Records excerpted from a collection ▸
>>>

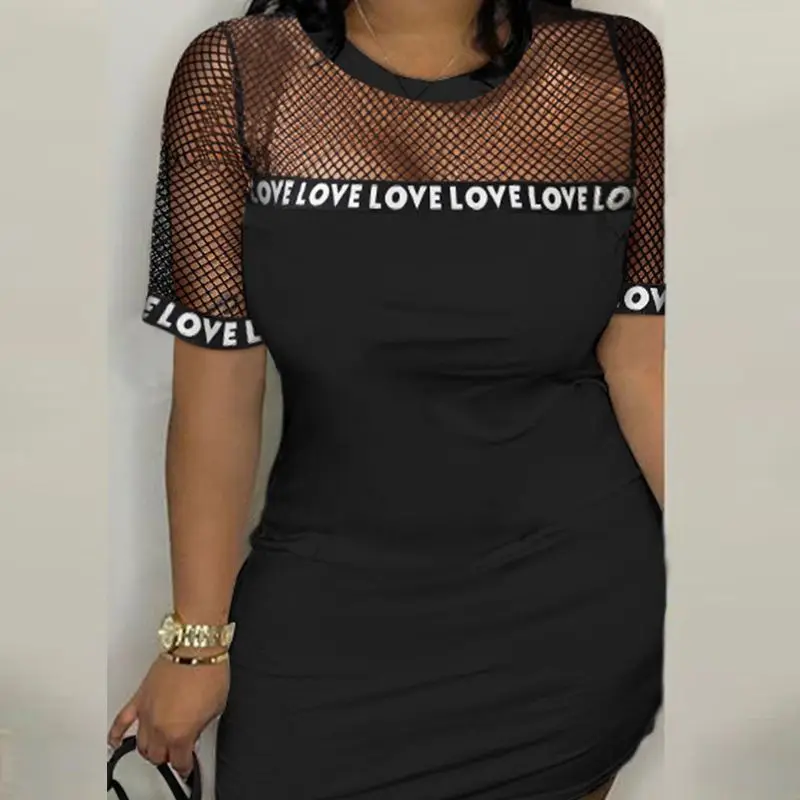 Женское платье-футболка с коротким рукавом, круглым вырезом и высокой талией
Женское платье-футболка с коротким рукавом, круглым вырезом и высокой талией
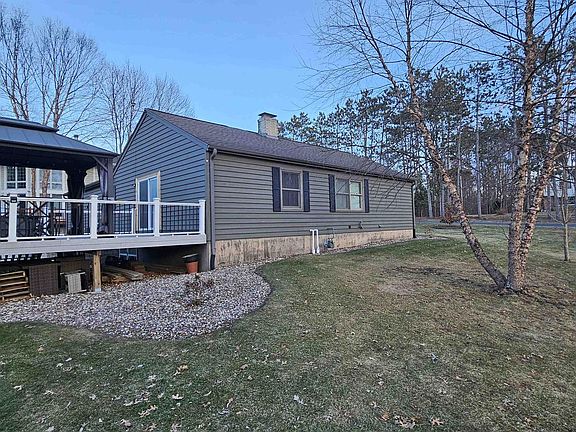 3rd image of S2943 Fairway Drive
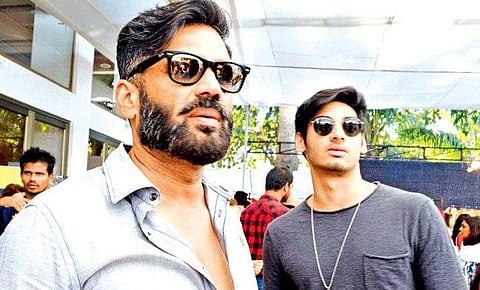 Suniel Shetty advises son Ahan to be a producer&#39;s actor 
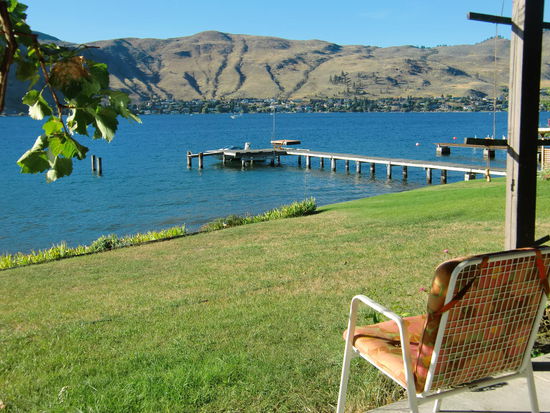 Blick von Karls Terrasse auf das andere Ufer. Das sah dann nicht so aus wie am Gardasee, denn auf der anderen Seite gab es nur stacheliges Wüstengebüsch.
Wir haben so richtig gefaulenzt! Die 3 Tage waren genau richtig!  So war das alles hier optimal und die beiden 'Jungs' haben sich ganz toll um uns gekümmert!!!!!!!!!!!!!!!!!!!!!!!!!!!!!!!!!!!!!!!!!!!!!!!!!!!!!!!!!!!!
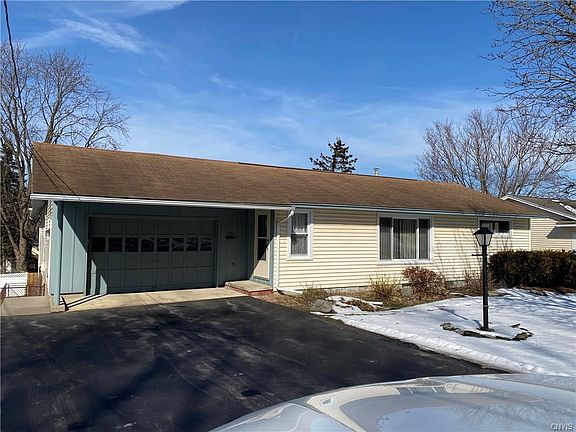 5th image of 30 Gifford Dr
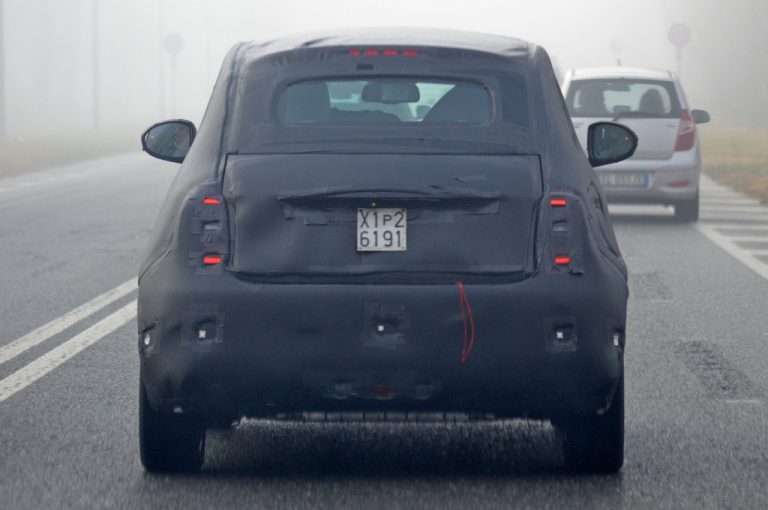 Fiat 500 elettrica: foto spia durante i collaudi su strada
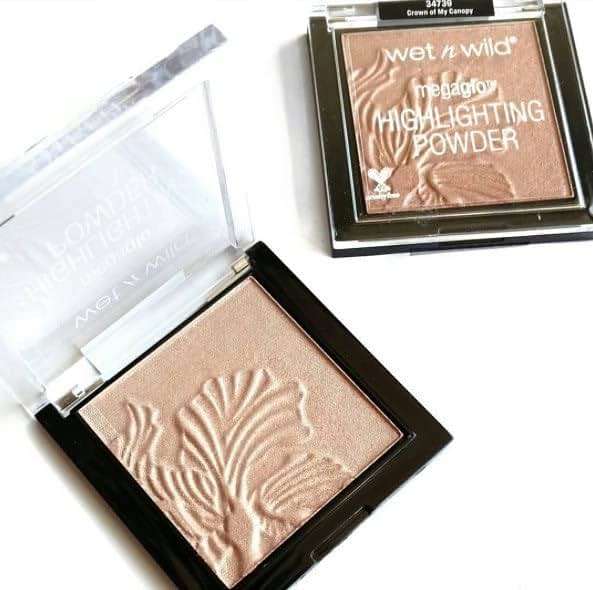 wet n wild MegaGlo Highlighting Powder Warm Gold Golden Flower Crown - Image 12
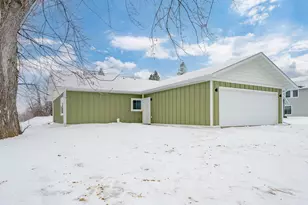 704 NW 8th Ave, Grand Rapids, MN 55744 - Photo 3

<<<

TRY IT ▸
Copy the records above from the first line through the line containing "Suniel Shetty advises", both included, and leave out any pictures.

SOLUTION TO THIS TASK ▸
 Женское платье-футболка с коротким рукавом, круглым вырезом и высокой талией
Женское платье-футболка с коротким рукавом, круглым вырезом и высокой талией
 3rd image of S2943 Fairway Drive
 Suniel Shetty advises son Ahan to be a producer&#39;s actor 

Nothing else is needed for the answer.